● How to complete this task:
In the entries that follow, find the line containing "Natural Straw Western" and the line containing "HWBZSZY Super Hohe", then retype exactly the lines from the first through the second, pictures excluded.

● Input:
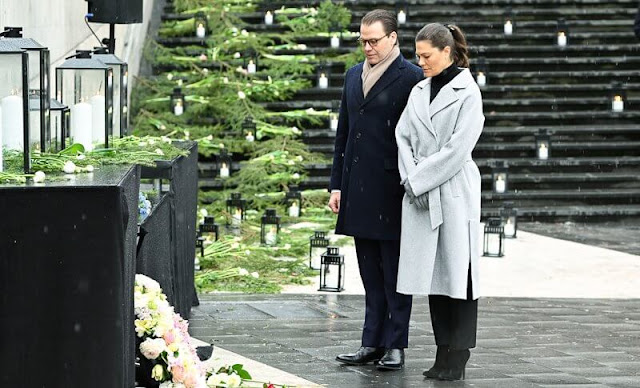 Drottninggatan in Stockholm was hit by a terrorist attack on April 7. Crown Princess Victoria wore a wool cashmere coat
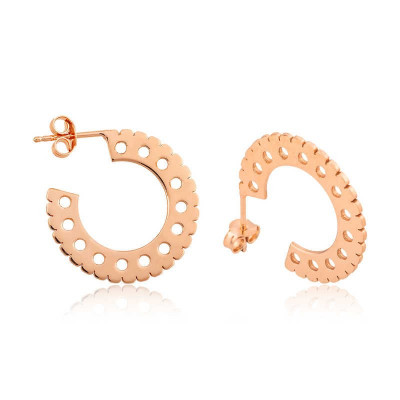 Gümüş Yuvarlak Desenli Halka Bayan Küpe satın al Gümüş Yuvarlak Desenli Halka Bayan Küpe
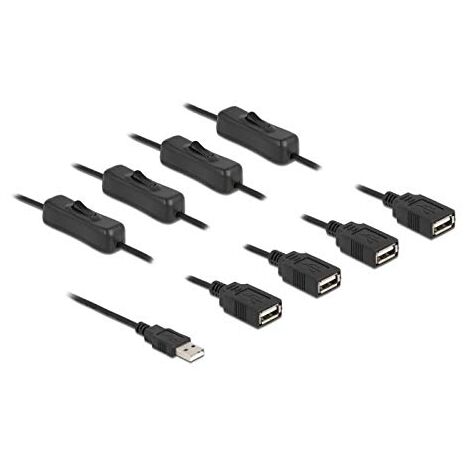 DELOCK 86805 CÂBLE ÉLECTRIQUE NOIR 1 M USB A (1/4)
---
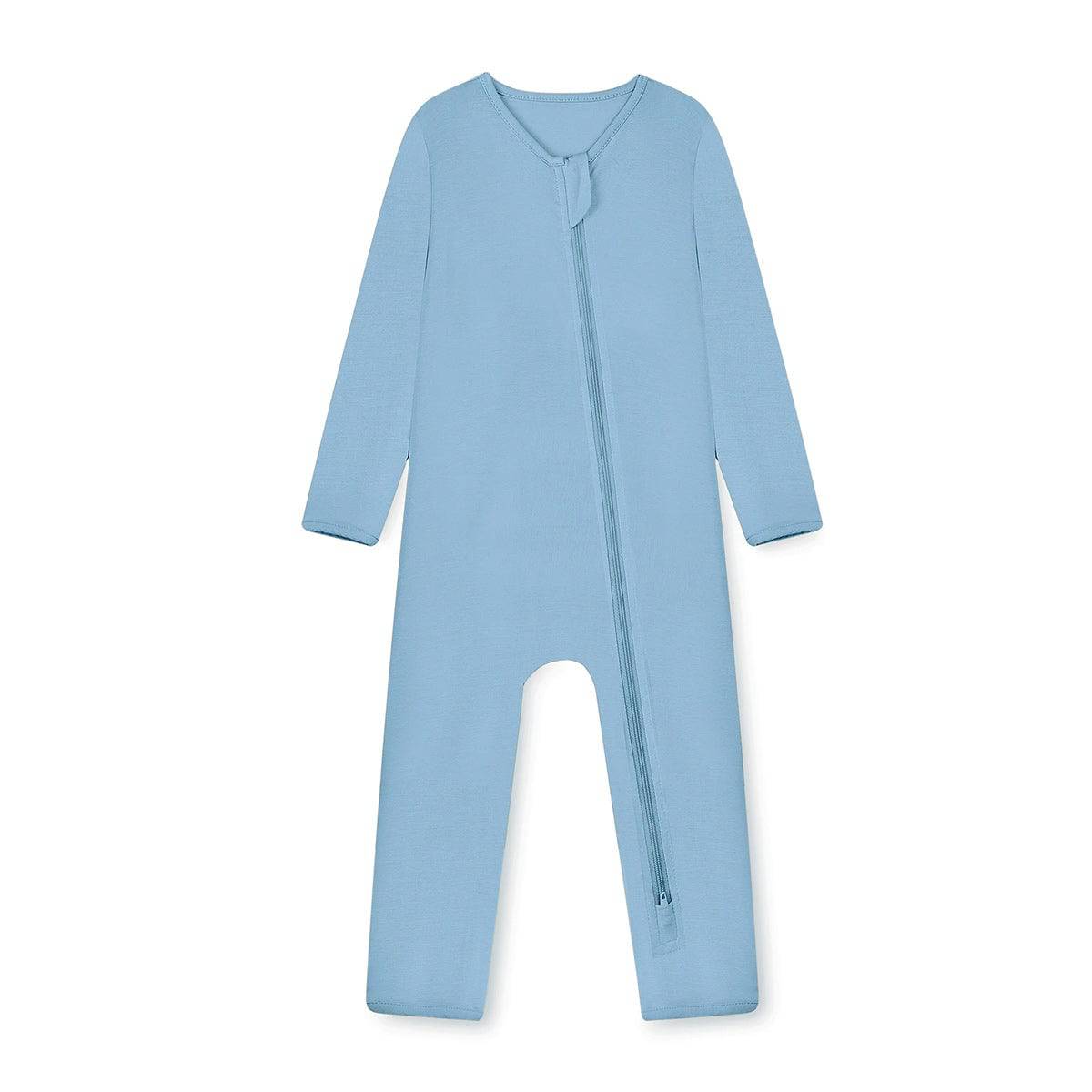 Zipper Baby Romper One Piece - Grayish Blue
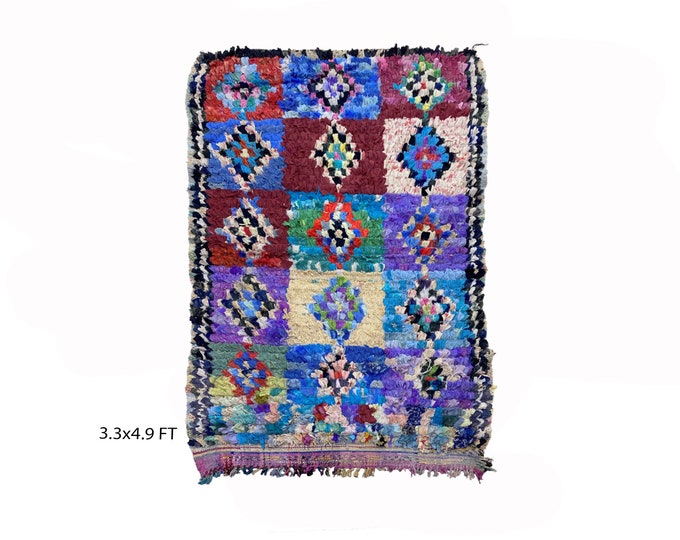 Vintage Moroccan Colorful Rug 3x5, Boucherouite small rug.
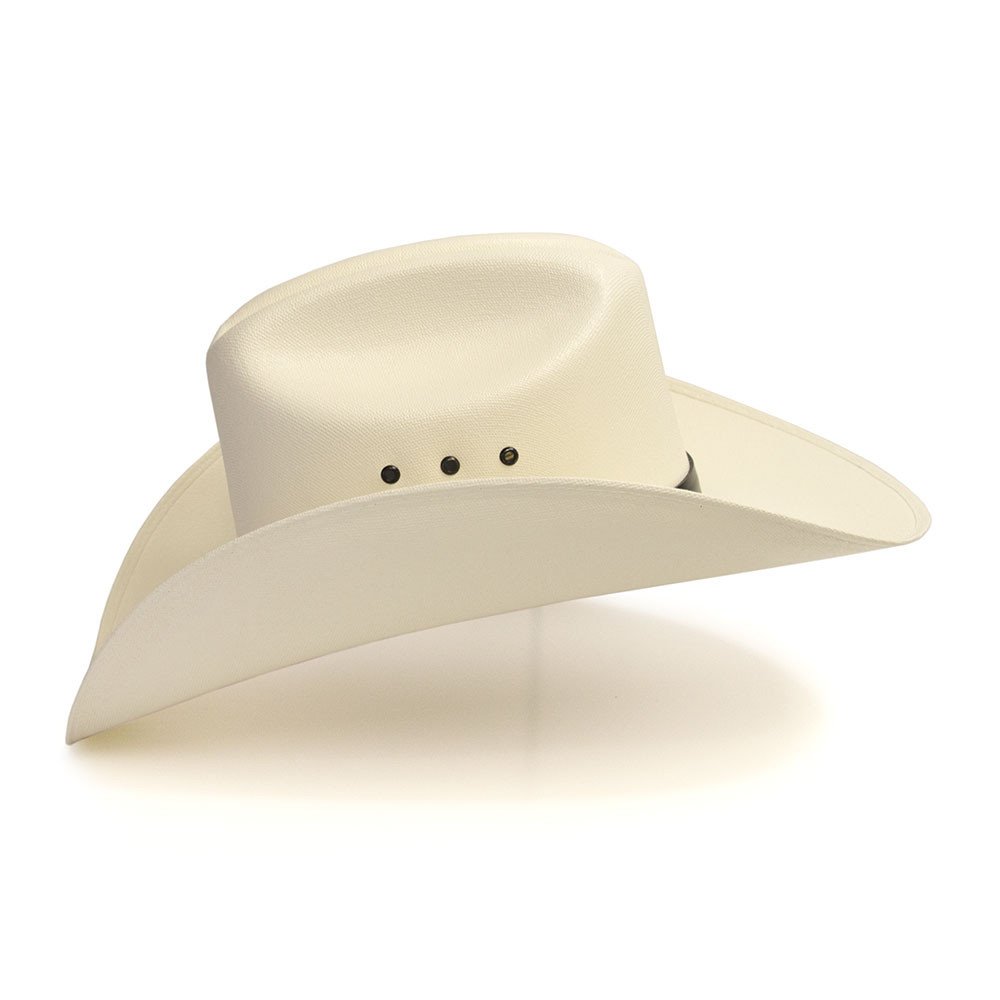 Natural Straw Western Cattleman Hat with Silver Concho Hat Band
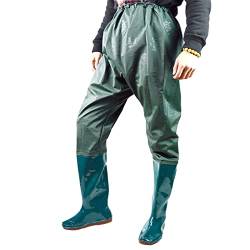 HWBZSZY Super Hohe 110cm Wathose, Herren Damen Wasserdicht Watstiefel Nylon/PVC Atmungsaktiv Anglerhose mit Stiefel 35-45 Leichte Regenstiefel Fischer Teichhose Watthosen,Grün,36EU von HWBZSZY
--
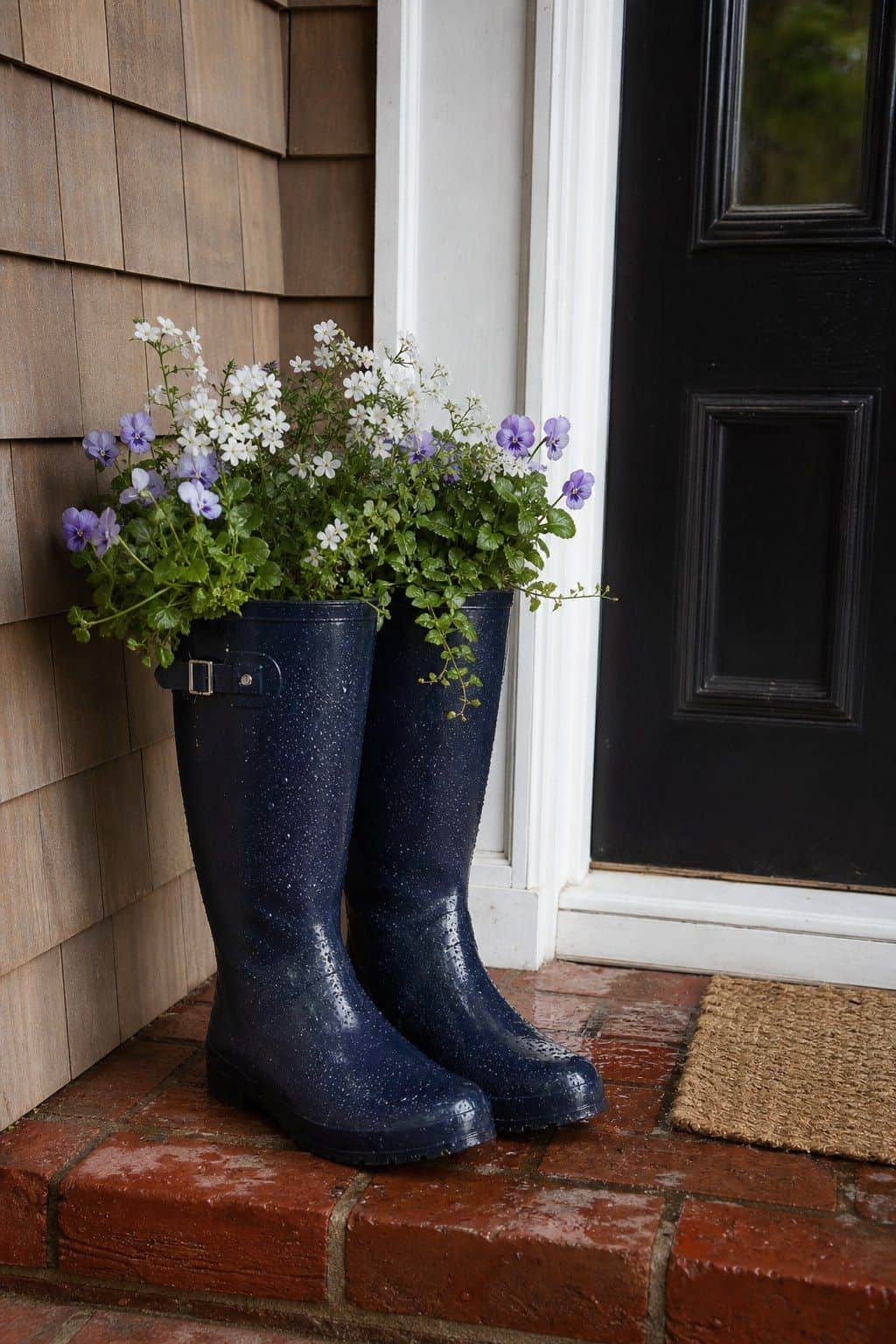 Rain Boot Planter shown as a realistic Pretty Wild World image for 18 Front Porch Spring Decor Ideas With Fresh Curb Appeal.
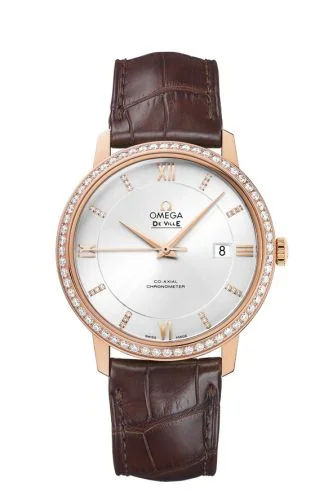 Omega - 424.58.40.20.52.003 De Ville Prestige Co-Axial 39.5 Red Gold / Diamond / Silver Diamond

● Exercise response:
 Natural Straw Western Cattleman Hat with Silver Concho Hat Band
 HWBZSZY Super Hohe 110cm Wathose, Herren Damen Wasserdicht Watstiefel Nylon/PVC Atmungsaktiv Anglerhose mit Stiefel 35-45 Leichte Regenstiefel Fischer Teichhose Watthosen,Grün,36EU von HWBZSZY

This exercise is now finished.